The project's vision is to radically change this paradigm in two ways: (1) Acknowledge that control is critical for the dependable and economical operation of microgrids and develop, implement and demonstrate a structured ‘microgrid control/coordination co-design flow’ that yields not only the selection of right-sized equipment but a concrete, integrated control and communication software/hardware architecture with its implementation validated in a simulation environment, (2) Recognize the importance and cost of system integration and develop, implement, and demonstrate a ‘modular resilient microgrid control integration platform’: a hardware device with a robust, cyber-secure software platform and a library of microgrid control algorithms that can be automatically customized by the microgrid control/coordination co-design flow.
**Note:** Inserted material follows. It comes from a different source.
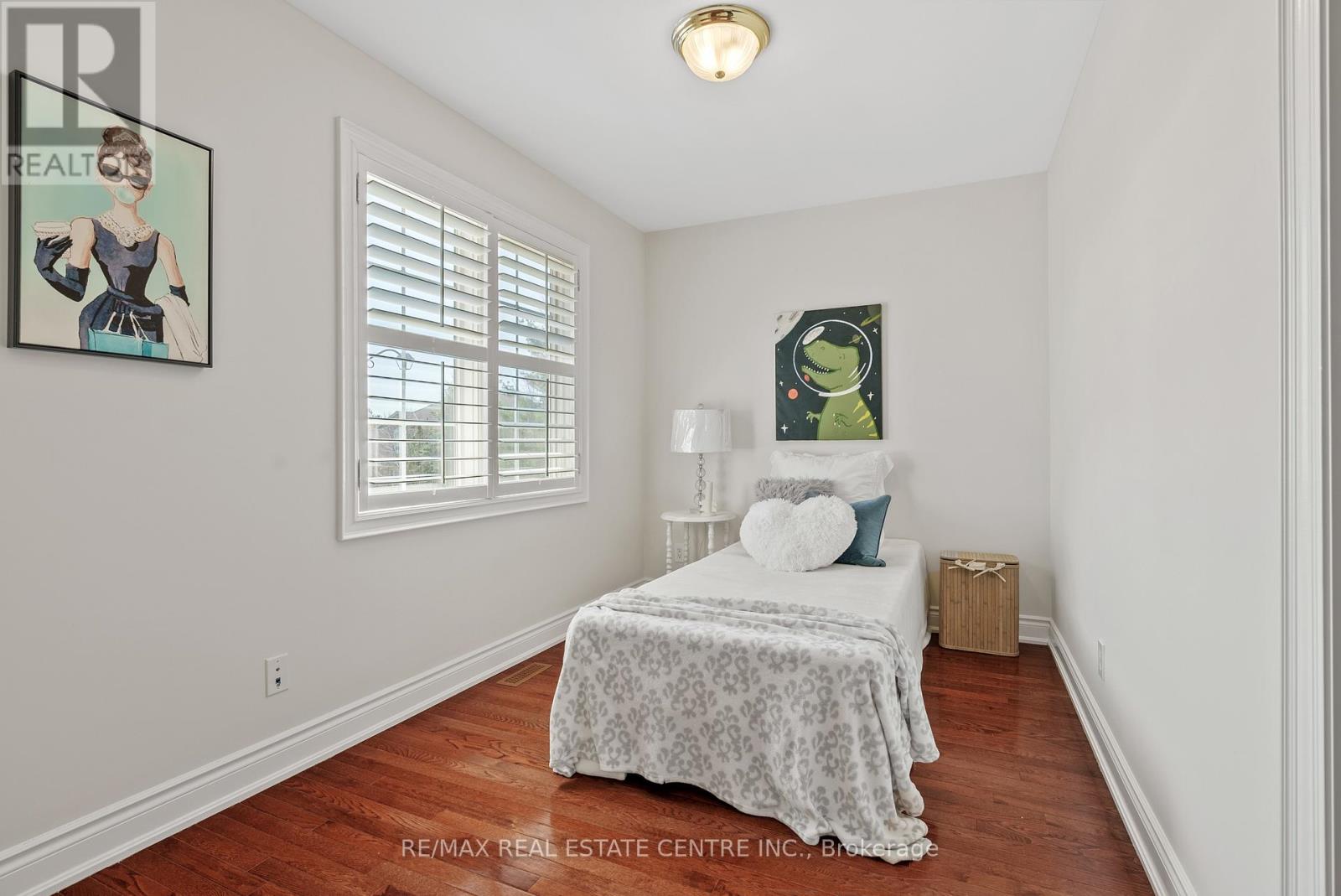 819 Canyon Street, Mississauga, Ontario  L5H 4M3 - Photo 28 - W12318084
The project is in collaboration with North Carolina State University as the lead institution.
Microgrids deliver highly resilient power supply to local loads in the event of a power outage while also improving distribution system reliability by reducing the system’s load under stress conditions. Microgrids also integrate and manage renewable generation on the distribution system. Today’s microgrids are one-off configurations of commercially available equipment and custom software that implements microgrid control functions and integrates the components. They are rarely optimized for the specific microgrid architecture, equipment, physical or economic environment, and are often proprietary, closed systems, leading to vendor-lock-in and unmodifiable implementations.
This project will radically change how future microgrids are designed by developing a suite of microgrid control/coordination co-design tools capable of performing systematic design of an optimized microgrid, given a set of design objectives and performance constraints. The team develops a well-documented co-design engineering process supported by a tool suite that yields optimal equipment selection, guarantees system stability, evaluates system dynamics, and delivers an integrated coordination/control and communication software/hardware architecture with a concrete implementation validated in high-fidelity simulations. The team will also deliver an open-source microgrid control integration platform: a hardware device with sensing, actuation capabilities and networked, embedded software that can realize the outputs of the design flow in a concrete, physical form. Such automated implementation of control and communication architecture into the operational environment is expected to significantly reduce the cost of microgrid deployment.
The project's process of addressing the control, communication and coordination aspects of the design early in the design phase enabled by a tool suite-supported design flow makes microgrid engineering more affordable and allows more optimal, functional, and resilient designs. The team’s design and operational approach will advance the state-of-the-art for microgrids with respect to:
- Security: Provide power to critical loads during and after extreme weather events, when the rest of the grid may be damaged.
- Environmental: Integrate and effectively manage renewable generation on the distribution system.
- Economy: Predict and achieve or exceed the desired microgrid performance and reliability metrics with significantly smaller and/or simpler and less expensive components.